As though all those other times weren’t a clue?? I mean this is pretty much the only interaction the two of them ever have—Asher touches Cheyenne in a way that surprises her in its intimacy, and tells her that she’s in danger, and just about cries over her. Lather, rinse, repeat.
Dusty lurched forward. “Look at that. Ain’t that the feds?” Three large black SUVs had just pulled off the country road onto the lane that led to The Last Publishers ministries.
These are movie feds. Clearly.
Asher, who is for some reason in a truck with Ben and Dusty again, immediately drives to the security gate, arriving immediately after the feds, whom the security team has already let through without checking ID.
Asher is livid:
“What kind of security do we have? He didn’t even look at the vehicles. Just because they look official is no reason to ignore protocols. With those tined windows, there’s no way of really knowing who or what’s in the vehicles.”
LOLOLOL. This just feels so typical of this operation.
This whole scene is just so beyond bizarre.
Asher drives quickly, following “the feds”:
By the time they got up to the parking lot the feds were already exiting their vehicles, obviously in a hurry. … Two of the men immediately headed to the warehouse where the Herb Den operated.
When the young men piled out of the truck, the rest of the feds were waiting for them. Glancing at Ben and Dusty, Asher saw that they were nervous. He could appreciate their feelings.
Asher moved, trying to skirt the men and go find the girls, but two agents blocked his path, saying, “Sorry, sir, we need you here to answer some questions. then you can go.”
I mean …? Maybe?
After a few minutes, the two “feds” that went inside come back with the four Herb Den employees.
There was a long moment of silence as the men stood staring up at the girls on the dock. Finally a small man dressed in a dark suit that appeared smaller still walked up the steps. He flipped open a leather wallet displaying his badge, as he addressed the girls standing in the open warehouse door. “My name is Agent Zich. We are part of a special anti-terrorism task force working to unravel a few incidents in the area. Mind if we have a private talk with you girls?” He motioned forward. “Inside.”

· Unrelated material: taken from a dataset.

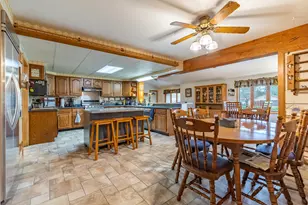 20560 Bensley Ave, Lynwood, IL 60411 - Photo 9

Wait, why did they trot the four women outside at all, just to take them back inside? Why not knock on the door and say “excuse me, we need to talk to you, can we come inside?”
Asher’s troubled gaze followed the girls as they disappeared into the shadows of the warehouse. The men stood in silence, watching the huge door slide into place. It was clear to Asher that he was being detained until they finished questioning the girls.
No, Asher! They haven’t said you’re being detained, so you’re not! Ask them if you’re being detained! And if they say you are being detained, ask they why! Ask what you’re being charged with! This is nuts!
Ben studied the men. They all looked amazingly alike. He realized he could be one of them.
Dear readers, this is indeed what it says.
He wasn’t too tall or too short. His hair, unlike Asher’s, was nondescript. He knew he could blend in as effectively as they did.
None of this ever matters. At all.
The sound of his own voice was shocking to his own ears. It was high pitched and strained as he asked, “Why now? It’s been almost a month since the bombing and you guys never came here before … so why now?”
This book. This book is everything.
The men’s faces were void of emotion. Nothing indicated that they had heard the question.
Then, with practiced precision, one of the men pulled out a paper and held it up for the three young men to see. It was a picture of a young Arabic looking girl.
Arabic is the language. Arab is the ethnicity.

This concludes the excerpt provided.